Start of Block

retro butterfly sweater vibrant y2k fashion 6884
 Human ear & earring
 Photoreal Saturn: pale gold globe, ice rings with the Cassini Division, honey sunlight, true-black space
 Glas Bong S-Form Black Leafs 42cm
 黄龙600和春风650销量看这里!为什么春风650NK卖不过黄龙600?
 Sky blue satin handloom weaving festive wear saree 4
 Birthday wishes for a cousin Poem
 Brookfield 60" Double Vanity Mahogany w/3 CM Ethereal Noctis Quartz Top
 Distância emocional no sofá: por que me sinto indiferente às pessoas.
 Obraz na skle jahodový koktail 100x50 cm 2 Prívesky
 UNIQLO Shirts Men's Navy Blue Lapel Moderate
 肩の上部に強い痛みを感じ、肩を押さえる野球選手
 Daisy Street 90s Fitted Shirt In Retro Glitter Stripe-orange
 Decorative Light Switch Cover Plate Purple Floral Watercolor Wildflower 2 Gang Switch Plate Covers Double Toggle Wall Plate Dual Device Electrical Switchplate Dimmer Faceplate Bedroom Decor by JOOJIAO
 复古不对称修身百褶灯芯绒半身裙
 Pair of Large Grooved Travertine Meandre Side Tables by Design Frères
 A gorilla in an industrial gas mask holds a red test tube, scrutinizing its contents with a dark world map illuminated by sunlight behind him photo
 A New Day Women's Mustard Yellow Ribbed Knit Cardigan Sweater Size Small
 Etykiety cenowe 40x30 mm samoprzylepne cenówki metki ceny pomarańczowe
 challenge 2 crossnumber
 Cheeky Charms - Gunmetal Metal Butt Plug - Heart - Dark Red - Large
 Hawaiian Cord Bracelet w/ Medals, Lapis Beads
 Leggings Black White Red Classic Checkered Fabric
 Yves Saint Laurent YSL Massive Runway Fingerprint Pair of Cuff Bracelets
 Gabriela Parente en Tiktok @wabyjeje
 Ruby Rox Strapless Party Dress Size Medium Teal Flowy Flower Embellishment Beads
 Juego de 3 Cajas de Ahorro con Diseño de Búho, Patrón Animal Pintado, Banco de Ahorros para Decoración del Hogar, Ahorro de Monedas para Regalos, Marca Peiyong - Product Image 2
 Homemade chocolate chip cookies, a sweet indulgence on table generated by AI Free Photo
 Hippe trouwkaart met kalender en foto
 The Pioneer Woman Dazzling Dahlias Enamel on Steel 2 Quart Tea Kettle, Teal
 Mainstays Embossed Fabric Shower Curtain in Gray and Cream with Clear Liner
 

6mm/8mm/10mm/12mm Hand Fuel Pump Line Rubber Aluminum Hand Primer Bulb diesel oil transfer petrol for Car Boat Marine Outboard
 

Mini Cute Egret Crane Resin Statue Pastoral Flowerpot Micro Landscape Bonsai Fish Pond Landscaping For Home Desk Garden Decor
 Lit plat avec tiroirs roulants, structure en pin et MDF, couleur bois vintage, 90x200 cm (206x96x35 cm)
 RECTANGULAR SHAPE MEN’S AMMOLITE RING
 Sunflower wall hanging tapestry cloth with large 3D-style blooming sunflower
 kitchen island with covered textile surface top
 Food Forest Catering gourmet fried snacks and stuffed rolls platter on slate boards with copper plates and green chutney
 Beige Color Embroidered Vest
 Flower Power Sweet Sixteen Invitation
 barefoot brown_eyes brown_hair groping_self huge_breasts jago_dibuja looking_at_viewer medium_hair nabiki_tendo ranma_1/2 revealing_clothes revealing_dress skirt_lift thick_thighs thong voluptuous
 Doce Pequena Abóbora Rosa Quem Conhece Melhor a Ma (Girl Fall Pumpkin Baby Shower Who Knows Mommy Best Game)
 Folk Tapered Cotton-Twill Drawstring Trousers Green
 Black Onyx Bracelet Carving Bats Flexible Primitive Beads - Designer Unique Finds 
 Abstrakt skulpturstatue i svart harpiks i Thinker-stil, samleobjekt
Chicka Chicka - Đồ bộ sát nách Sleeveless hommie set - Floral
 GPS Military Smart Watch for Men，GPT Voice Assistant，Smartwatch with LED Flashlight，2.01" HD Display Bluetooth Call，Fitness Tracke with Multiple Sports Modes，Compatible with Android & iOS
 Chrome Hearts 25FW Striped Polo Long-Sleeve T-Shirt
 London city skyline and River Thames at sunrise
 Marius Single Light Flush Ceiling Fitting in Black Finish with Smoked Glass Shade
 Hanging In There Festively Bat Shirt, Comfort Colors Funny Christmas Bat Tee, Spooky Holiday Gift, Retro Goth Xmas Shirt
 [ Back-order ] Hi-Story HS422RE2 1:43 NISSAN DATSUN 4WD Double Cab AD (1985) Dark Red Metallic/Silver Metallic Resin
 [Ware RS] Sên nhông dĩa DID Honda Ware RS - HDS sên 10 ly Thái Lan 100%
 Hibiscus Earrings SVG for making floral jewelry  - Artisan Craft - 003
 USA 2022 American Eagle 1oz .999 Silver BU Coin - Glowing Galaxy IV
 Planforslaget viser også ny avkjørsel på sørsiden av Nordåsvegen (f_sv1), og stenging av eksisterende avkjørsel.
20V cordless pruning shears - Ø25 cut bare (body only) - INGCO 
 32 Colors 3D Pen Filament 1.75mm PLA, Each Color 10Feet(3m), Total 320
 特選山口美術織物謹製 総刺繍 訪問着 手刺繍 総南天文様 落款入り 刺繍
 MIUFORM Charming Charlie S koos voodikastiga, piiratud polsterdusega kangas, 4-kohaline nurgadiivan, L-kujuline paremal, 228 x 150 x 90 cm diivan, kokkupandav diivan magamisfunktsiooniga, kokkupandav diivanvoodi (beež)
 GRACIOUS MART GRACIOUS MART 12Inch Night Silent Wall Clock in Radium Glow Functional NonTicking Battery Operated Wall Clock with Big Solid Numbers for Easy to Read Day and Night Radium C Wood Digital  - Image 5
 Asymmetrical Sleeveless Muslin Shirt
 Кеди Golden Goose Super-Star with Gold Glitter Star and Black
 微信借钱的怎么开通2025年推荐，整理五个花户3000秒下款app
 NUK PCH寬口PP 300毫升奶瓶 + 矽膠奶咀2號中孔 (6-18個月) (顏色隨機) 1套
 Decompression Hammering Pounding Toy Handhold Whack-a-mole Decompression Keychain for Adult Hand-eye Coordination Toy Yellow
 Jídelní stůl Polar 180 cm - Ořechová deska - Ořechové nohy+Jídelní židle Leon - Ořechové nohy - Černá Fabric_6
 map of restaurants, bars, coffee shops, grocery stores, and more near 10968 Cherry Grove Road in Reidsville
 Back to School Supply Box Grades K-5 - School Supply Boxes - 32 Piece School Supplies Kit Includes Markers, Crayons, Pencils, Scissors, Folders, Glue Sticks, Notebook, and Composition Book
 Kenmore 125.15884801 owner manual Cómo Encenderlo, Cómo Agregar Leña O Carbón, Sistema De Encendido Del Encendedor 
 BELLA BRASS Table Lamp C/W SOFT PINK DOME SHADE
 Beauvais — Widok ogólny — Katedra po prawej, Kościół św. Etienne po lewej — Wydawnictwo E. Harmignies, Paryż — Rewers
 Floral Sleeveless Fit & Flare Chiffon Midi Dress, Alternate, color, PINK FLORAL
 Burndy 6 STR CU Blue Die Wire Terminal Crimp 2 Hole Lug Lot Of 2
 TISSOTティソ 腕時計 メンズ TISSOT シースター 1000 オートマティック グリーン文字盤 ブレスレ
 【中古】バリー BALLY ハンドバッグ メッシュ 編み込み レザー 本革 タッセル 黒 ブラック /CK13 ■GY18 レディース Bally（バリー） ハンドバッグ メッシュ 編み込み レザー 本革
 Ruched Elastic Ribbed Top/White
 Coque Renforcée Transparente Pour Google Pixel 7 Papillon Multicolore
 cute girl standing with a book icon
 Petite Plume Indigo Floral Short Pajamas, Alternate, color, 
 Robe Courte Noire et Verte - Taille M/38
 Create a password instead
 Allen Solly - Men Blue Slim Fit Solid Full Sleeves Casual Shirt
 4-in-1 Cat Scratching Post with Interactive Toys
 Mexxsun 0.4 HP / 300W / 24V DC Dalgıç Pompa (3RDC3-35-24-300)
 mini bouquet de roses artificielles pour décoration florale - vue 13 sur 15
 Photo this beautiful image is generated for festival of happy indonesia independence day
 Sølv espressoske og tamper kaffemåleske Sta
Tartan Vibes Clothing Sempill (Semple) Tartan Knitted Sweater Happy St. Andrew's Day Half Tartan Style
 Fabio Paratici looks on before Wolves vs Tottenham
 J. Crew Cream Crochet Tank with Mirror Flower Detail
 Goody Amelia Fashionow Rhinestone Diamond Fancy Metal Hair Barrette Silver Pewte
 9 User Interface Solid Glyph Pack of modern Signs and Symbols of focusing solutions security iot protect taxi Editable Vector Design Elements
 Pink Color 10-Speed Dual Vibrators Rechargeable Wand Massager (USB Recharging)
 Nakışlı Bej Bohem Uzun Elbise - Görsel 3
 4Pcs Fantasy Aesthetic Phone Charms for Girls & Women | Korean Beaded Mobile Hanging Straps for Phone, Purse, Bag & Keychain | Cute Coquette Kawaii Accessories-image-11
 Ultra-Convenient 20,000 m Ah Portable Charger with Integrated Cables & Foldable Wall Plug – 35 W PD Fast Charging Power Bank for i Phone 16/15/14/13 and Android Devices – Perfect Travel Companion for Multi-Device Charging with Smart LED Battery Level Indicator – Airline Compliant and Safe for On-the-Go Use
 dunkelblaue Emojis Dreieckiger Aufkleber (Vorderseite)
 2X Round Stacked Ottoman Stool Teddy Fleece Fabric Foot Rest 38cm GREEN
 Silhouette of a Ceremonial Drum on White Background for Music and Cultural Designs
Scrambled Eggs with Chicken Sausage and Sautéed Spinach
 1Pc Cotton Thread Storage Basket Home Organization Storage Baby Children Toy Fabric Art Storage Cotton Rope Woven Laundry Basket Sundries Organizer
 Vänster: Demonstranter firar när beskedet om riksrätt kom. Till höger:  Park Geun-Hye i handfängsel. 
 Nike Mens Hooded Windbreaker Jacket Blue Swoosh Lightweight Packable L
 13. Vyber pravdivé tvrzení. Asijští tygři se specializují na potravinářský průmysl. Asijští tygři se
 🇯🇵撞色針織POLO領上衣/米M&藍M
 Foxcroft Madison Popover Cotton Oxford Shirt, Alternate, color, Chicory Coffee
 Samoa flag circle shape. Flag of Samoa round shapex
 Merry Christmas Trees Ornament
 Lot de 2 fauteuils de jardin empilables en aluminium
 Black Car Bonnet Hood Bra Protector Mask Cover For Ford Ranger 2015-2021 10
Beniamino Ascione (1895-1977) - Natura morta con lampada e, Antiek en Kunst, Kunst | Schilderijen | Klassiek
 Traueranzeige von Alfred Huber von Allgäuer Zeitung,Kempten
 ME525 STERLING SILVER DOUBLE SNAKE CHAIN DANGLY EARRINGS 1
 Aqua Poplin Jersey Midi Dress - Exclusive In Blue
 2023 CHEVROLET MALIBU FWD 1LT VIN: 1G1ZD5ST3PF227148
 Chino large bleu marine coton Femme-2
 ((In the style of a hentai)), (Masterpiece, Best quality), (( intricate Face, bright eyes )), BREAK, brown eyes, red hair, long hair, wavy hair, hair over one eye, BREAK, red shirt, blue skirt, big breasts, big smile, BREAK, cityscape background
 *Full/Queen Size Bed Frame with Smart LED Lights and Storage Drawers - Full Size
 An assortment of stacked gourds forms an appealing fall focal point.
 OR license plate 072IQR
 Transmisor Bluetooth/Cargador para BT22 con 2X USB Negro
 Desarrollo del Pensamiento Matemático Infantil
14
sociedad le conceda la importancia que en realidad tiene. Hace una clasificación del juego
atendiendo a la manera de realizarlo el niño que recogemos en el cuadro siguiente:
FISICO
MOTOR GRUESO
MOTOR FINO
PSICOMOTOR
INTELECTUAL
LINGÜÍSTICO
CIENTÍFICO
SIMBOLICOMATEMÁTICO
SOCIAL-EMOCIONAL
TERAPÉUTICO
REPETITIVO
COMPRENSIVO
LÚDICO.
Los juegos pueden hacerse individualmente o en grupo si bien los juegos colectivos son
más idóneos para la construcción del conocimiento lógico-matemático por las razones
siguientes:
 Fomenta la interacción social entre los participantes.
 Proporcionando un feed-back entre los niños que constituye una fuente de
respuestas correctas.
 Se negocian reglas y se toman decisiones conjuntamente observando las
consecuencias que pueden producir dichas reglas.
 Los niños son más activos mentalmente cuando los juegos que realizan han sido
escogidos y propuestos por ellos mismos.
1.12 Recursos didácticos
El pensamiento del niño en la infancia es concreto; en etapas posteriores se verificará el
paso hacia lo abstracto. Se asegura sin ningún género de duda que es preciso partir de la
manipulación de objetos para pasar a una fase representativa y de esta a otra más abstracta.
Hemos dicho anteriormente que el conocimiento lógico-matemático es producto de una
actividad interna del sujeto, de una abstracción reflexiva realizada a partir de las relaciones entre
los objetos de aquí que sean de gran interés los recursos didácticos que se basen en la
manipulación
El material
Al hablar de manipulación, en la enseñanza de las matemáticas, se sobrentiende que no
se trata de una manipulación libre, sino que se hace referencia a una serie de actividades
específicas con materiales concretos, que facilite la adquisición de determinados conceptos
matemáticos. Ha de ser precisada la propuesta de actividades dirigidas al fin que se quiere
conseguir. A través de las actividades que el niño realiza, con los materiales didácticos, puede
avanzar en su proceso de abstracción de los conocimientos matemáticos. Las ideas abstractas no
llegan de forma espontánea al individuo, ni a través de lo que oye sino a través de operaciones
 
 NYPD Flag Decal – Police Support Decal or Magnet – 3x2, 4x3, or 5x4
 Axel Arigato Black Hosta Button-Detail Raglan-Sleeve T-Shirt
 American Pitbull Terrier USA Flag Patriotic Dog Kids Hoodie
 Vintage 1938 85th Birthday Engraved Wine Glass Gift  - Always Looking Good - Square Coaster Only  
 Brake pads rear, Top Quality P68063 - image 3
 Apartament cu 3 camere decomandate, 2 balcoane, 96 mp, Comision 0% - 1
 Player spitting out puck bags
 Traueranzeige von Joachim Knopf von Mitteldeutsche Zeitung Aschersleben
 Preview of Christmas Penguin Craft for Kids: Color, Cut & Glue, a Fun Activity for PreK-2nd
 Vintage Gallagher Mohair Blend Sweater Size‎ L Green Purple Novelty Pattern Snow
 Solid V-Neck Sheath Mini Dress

End of Block

INSTRUCTIONS TO FOLLOW
Nothing beyond the line containing "Sky blue satin" is to be output; the lines above, from the first one onward to that line, are to be transcribed exactly.

OUTPUT FOR THIS TASK
retro butterfly sweater vibrant y2k fashion 6884
 Human ear & earring
 Photoreal Saturn: pale gold globe, ice rings with the Cassini Division, honey sunlight, true-black space
 Glas Bong S-Form Black Leafs 42cm
 黄龙600和春风650销量看这里!为什么春风650NK卖不过黄龙600?
 Sky blue satin handloom weaving festive wear saree 4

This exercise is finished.